Integrate your sound system with your home

OK, so now you have something that plays bit-perfect music directly to your stereo / your soundbar / your massive 11.2 home theater system.  But now you have to go switch the speakers, the receiver, the sound bar, on and off, like a caveman.  And the volume knob in Music Assistant only lowers volume (from the ideal 100% setting), rather than letting you raise the volume of your sound system.

Fortunately, the Music Assistant people thought of this and developed the perfect feature to solve exactly this problem. It's called player controls. Assuming you have a media player and/or a switch in your Home Assistant setup that governs the state of your music system, you can assign these in Music Assistant to your audio bridge.

First, you'll "import" those key entities into Music Assistant.  Head on to its settings, then go to Providers.  Find the Home Assistant plugin provider on the list of providers and go into its settings.  I'll show you how my own HA settings look here:

What you have to do in this screen is select the player controls (volume, power and mute) that represent the controls for your sound system.  By way of example from our home:

• The master switch that powers everything on and off in our home is called Media center (a group switch that controls the receiver and the speakers simultaneously).  I'll show you a bit of code below.
• The receiver connected to our audio bridge, which provides volume and mute (the two things I want to control when I'm listening to music) is called Marantz AV7702mkii.

Once these entities are selected, save the settings (scroll down for that).

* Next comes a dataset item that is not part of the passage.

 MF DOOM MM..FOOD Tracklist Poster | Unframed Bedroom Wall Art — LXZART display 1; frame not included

The second step is to assign them to the audio bridge.  For that, go back to the Settings -> Players screen, and open up the audio bridge settings from there.  Here are the relevant settings:

Under Player controls, select the power control entity you imported from Home Assistant.  Additionally, if available, select the volume control and mute control that will supplant the volume and mute controls from the audio bridge.

Now save the settings.

From this point on, the power, mute and volume controls of the audio bridge in Music Assistant will control your audio gear instead of making any changes to the audio bridge directly.

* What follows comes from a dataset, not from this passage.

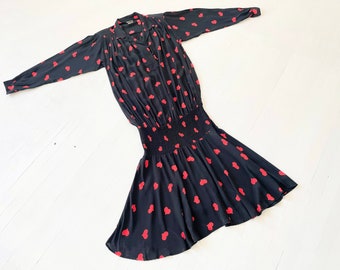 1980s Heart Print Black Dress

This is wonderful.  Among other things, this means you can have arbitrarily complex things happen when you start playing music.  For example, this is what our master switch (Media center audio) does — it's a template switch in our Home Assistant configuration:

# Snippet of Home Assistant configuration.yaml.
template:
  - switch:
    - icon: mdi:speaker-play
      name: Media center audio
      unique_id: media_center_audio
      default_entity_id: switch.media_center_audio
      state: |-
        {{
          not is_state("media_player.marantz_av7702mkii", ["off", "unavailable", "unknown"])
          and
          is_state("switch.living_room_speakers", 'on')
        }}
      availability: |-
        {{
          has_value('switch.living_room_speakers')
          and
          has_value('media_player.marantz_av7702mkii')
        }}
      turn_on:
        sequence:
        - action: media_player.turn_on
          target:
            entity_id: media_player.marantz_av7702mkii
        - action: switch.turn_on
          target:
            entity_id: switch.living_room_speakers
        - delay:
            seconds: 2
        - action: media_player.select_source
          target:
            entity_id: media_player.marantz_av7702mkii
          data:
            source: "Music Assistant"
      turn_off:
        sequence:
        - action: media_player.turn_off
          target:
            entity_id: media_player.marantz_av7702mkii
        - action: switch.turn_off
          target:
            entity_id: switch.living_room_speakers

The switch above is fairly simple:

• On power on, turn the receiver and the speakers on, wait 2 seconds, and finally set the receiver up to play sound from the Music Assistant source.
• On power off, simply turn off the receiver and the speakers.

With this little bit of elbow grease, I can let Music Assistant control my entire home theater — I never ever need to touch a remote control ever again.  The moment I hit Play in Music Assistant, it knows to turn my home theater on and set the right source.  When I'm done, I hit the power button in Music Assistant, and everything powers off gracefully.